— The data —
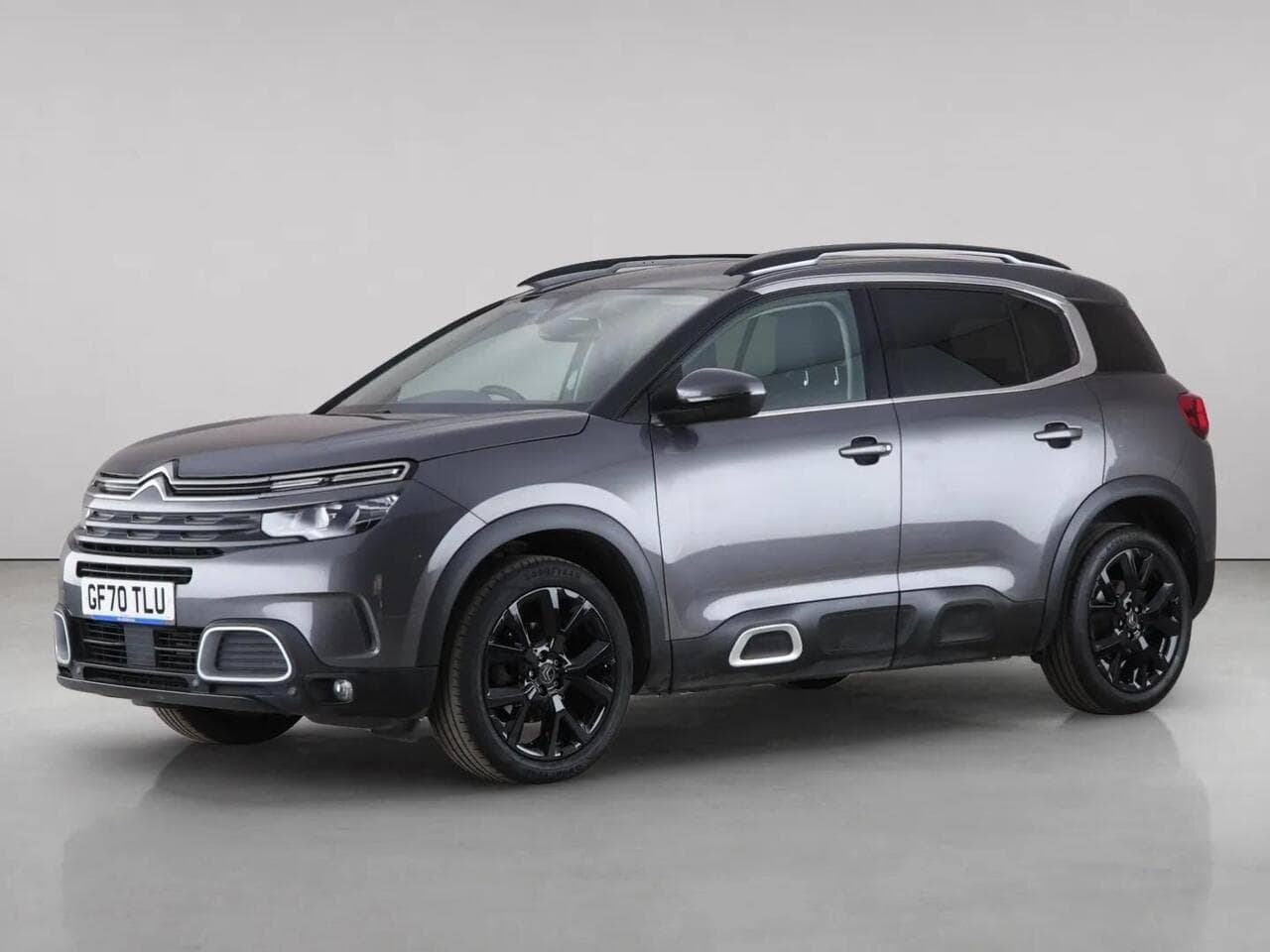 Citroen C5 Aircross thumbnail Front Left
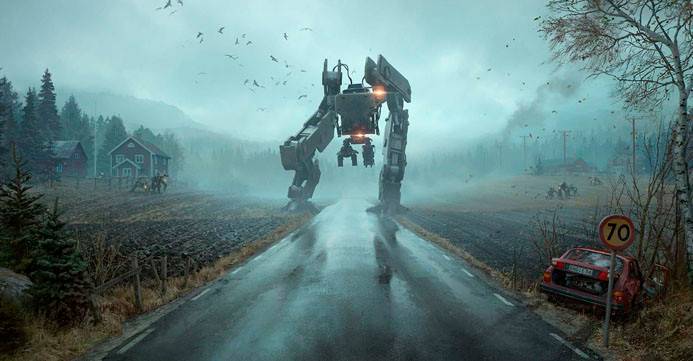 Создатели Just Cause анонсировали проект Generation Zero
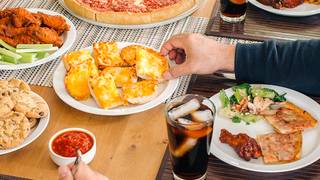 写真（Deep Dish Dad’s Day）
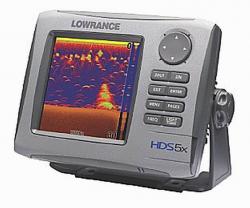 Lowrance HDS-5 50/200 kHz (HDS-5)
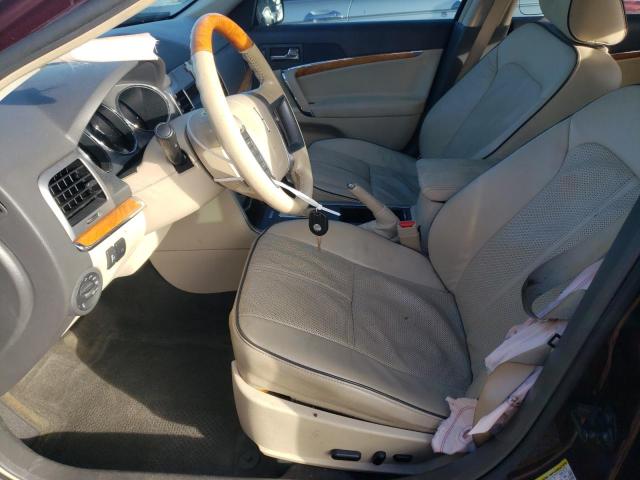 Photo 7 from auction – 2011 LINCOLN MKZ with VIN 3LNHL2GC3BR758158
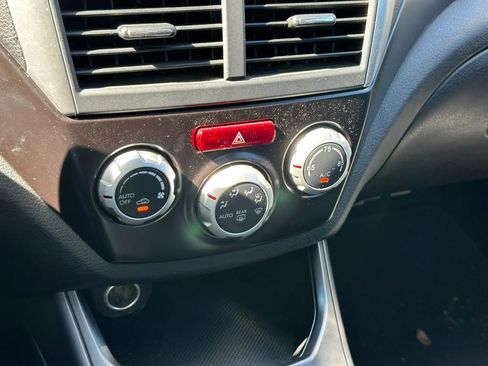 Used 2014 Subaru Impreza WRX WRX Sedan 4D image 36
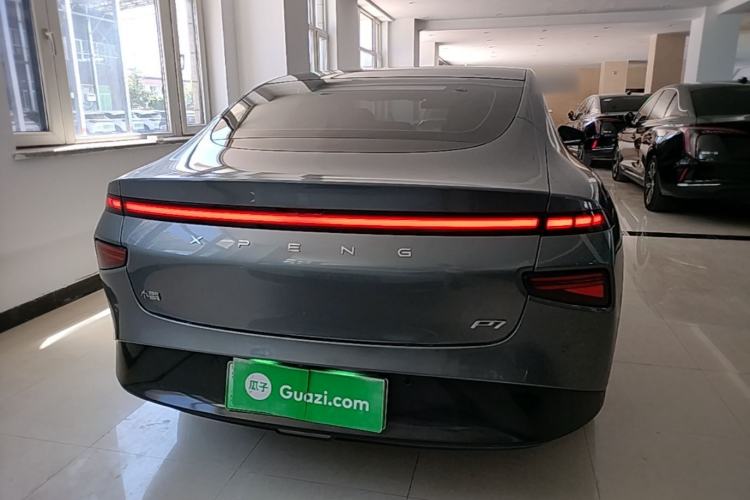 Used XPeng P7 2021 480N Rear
--
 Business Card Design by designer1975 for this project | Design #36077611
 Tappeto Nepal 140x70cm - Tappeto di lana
...
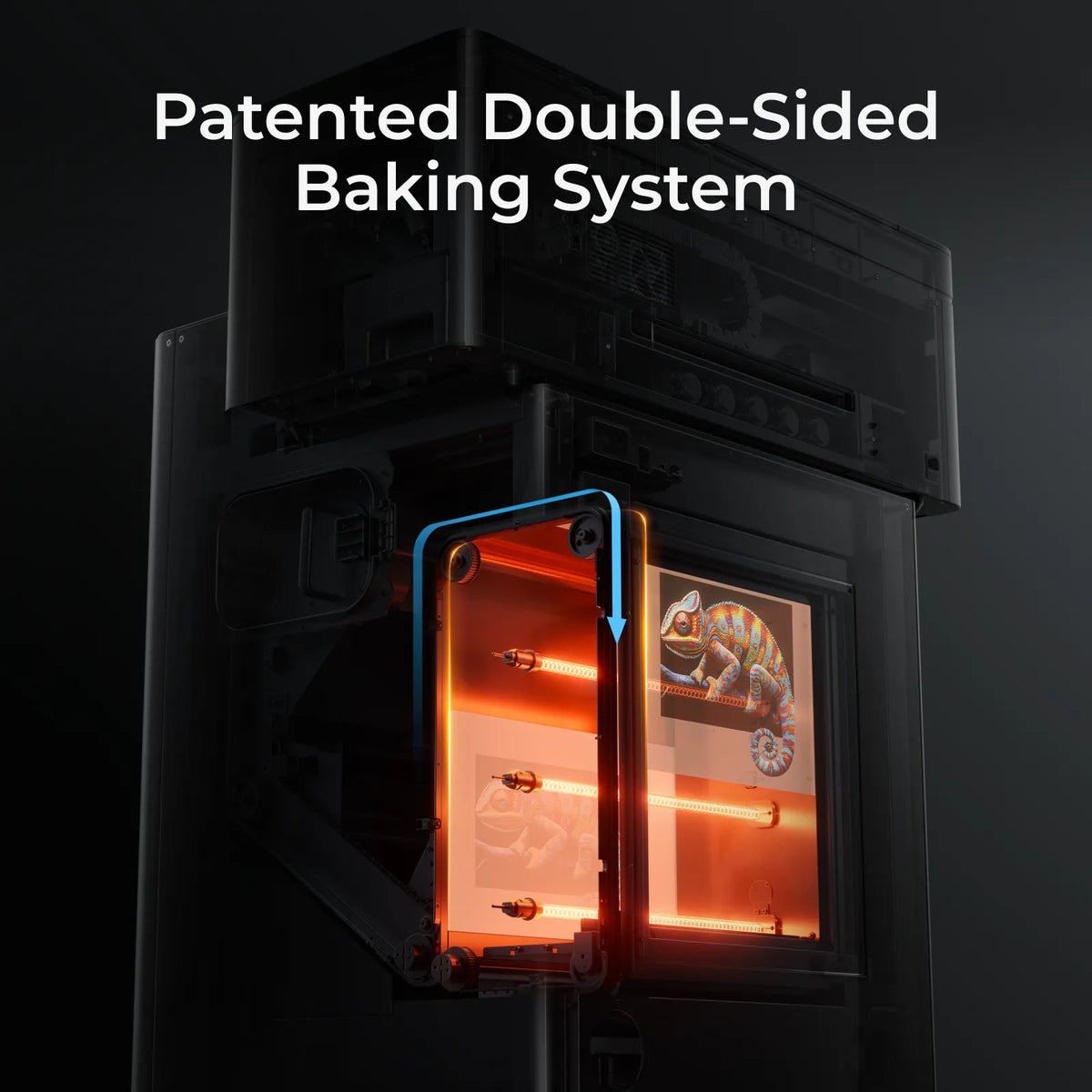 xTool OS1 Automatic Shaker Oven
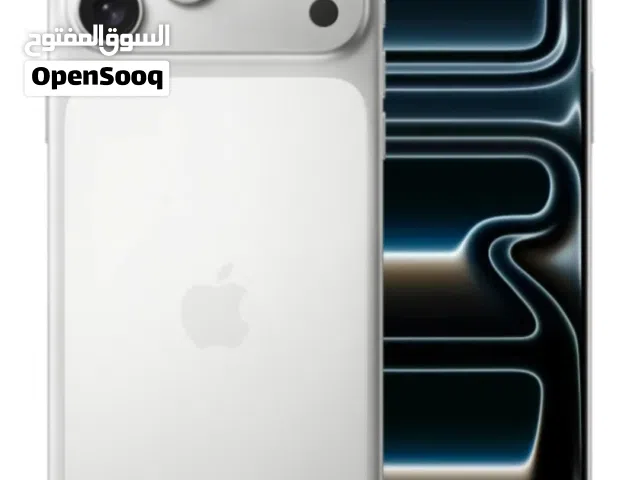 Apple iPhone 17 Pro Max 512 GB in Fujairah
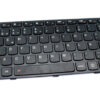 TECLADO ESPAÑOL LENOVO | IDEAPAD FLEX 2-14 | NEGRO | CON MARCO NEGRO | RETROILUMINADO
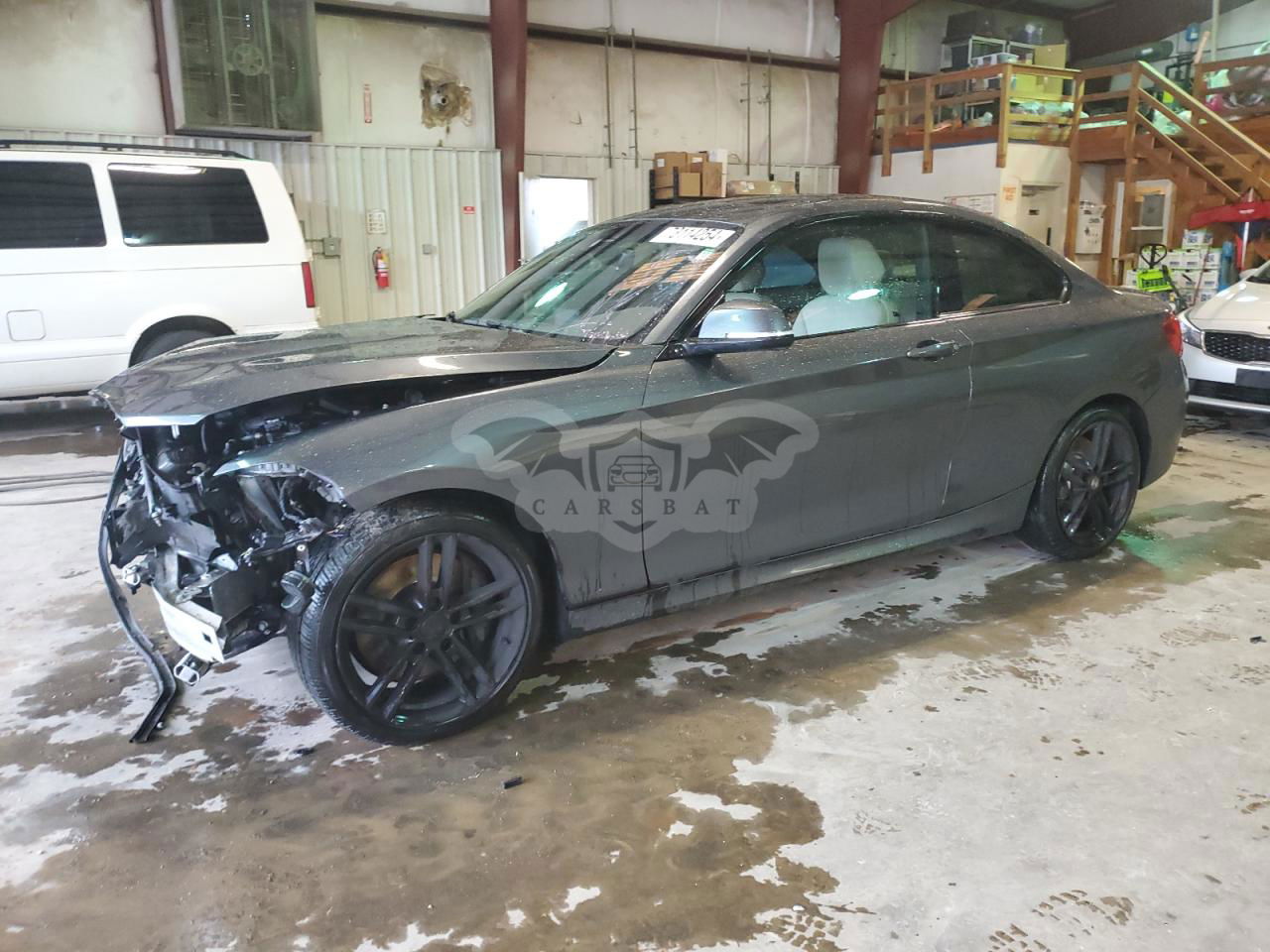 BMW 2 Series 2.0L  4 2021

— Task to carry out —
Copy exactly, without pictures, the lines above from the one with "xTool OS1 Automatic Shaker Oven" down to the one with "BMW 2 Series", inclusive.

— Answer to this problem —
 xTool OS1 Automatic Shaker Oven
 Apple iPhone 17 Pro Max 512 GB in Fujairah
 TECLADO ESPAÑOL LENOVO | IDEAPAD FLEX 2-14 | NEGRO | CON MARCO NEGRO | RETROILUMINADO
 BMW 2 Series 2.0L  4 2021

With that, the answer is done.